Story for Actors
As an actor, you are one of the elements of dramatic storytelling. You help to embody a character for the benefit of an audience in telling the playwright’s story. For this reason, it would help if you knew something about story.
Story is a part of our humanity, we see it on the cave paintings at Lascaux and in Xbox Games, Novels, Blogs, Fanzines, Shakespeare, and the oral traditions before, during and after the invention of the printing press. Story is a part of us, we enjoy regaling others with our tales, and sometimes we add flourishes and bend the truth here and there to make it seem more exciting, or as we might say a drama.
Storytelling is traditionally made of THREE parts. Beginning, Middle and End. And we understand story on a deep level, for we have a story that has these three parts too, from our birth to our death.
A well-written script will follow some basic rules of storytelling and that is that however the story is told, it will more often than not feature a beginning, middle and a end.
Story begins with an inciting incident, something gets the story going. Red Riding Hood’s tale is fairly boring until she is sent to Grandmother’s House. It is this ‘being sent on an errand’ that incites the entire story. Without it, the story doesn’t exist.
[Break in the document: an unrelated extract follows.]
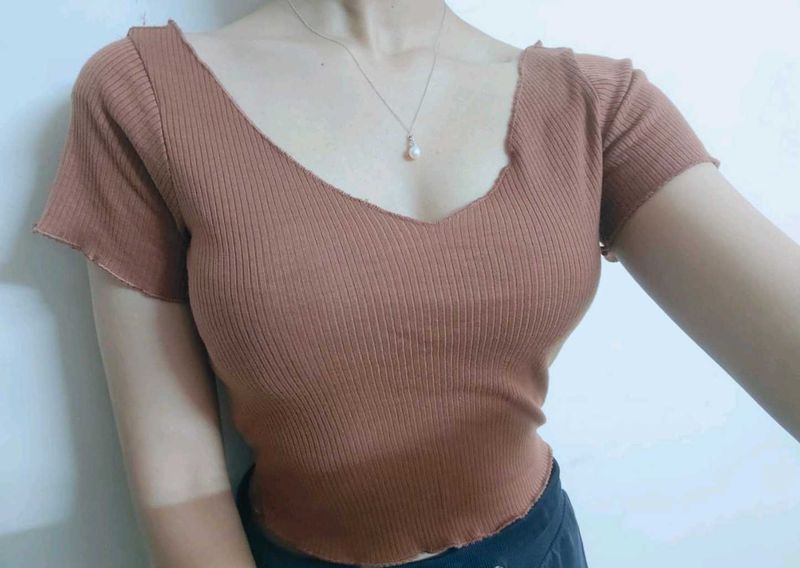Brown Ribbed V + Boat Neck Top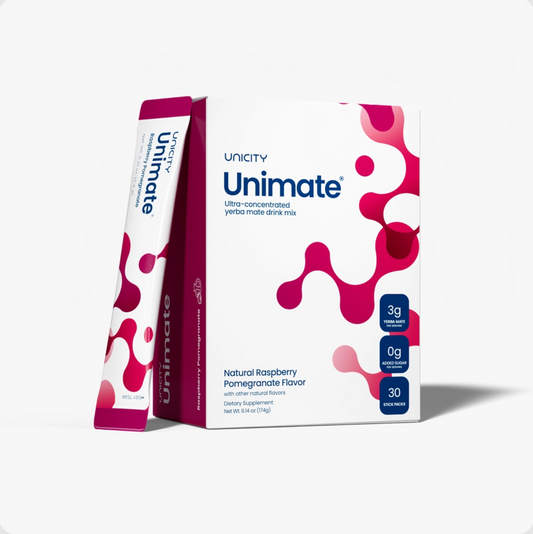 Unicity Unimate Raspberry Pomegranate Flavor Yerba Mate Energy Drink Mix - 30 Stick Packs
The Protagonist, in this case it is Red Riding Hood, is then sent on a dramatic journey and she becomes The Hero. One could easily argue that her first meeting with the wolf is also an inciting incident, but it is infact simply a conflict, something that temporarily hinders her on her way to her goal. A story continues by building the difficult of the conflicts, if you like barriers that are raised, the Wolf becomes increasingly sly and increasingly tries to eat her. As the conflict builds, there is more and more at stake for both the Protagonist and the Antagonist (Mr Wolf). As the stakes rise, the dramatic tension increases as we place ourselves in the shoes of the Hero under immense pressure.
At some point, all of this tension reaches a crisis point. At the crisis point, it is live or die, do or die, go or stay. This can simply be about whether the character, Red Riding Hood escapes the Wolf (and in some versions) or he is killed by the local Woodchopper. Or the Sheriff kills the shark, Daniel defeats the Bully or Bob Ford kills Jesse. This invokes the highest point of dramatic tension, when the tension cannot build any further and this is the climax of the story. At this point, the story comes to a resolution, the point at which the cause of all the conflict has now dissipated and the Hero has either won or lost. When the resolution comes, the audience knows it’s time to go home.
Understanding the mechanics of story can help you to understand more about the job of the actor, the professional storyteller.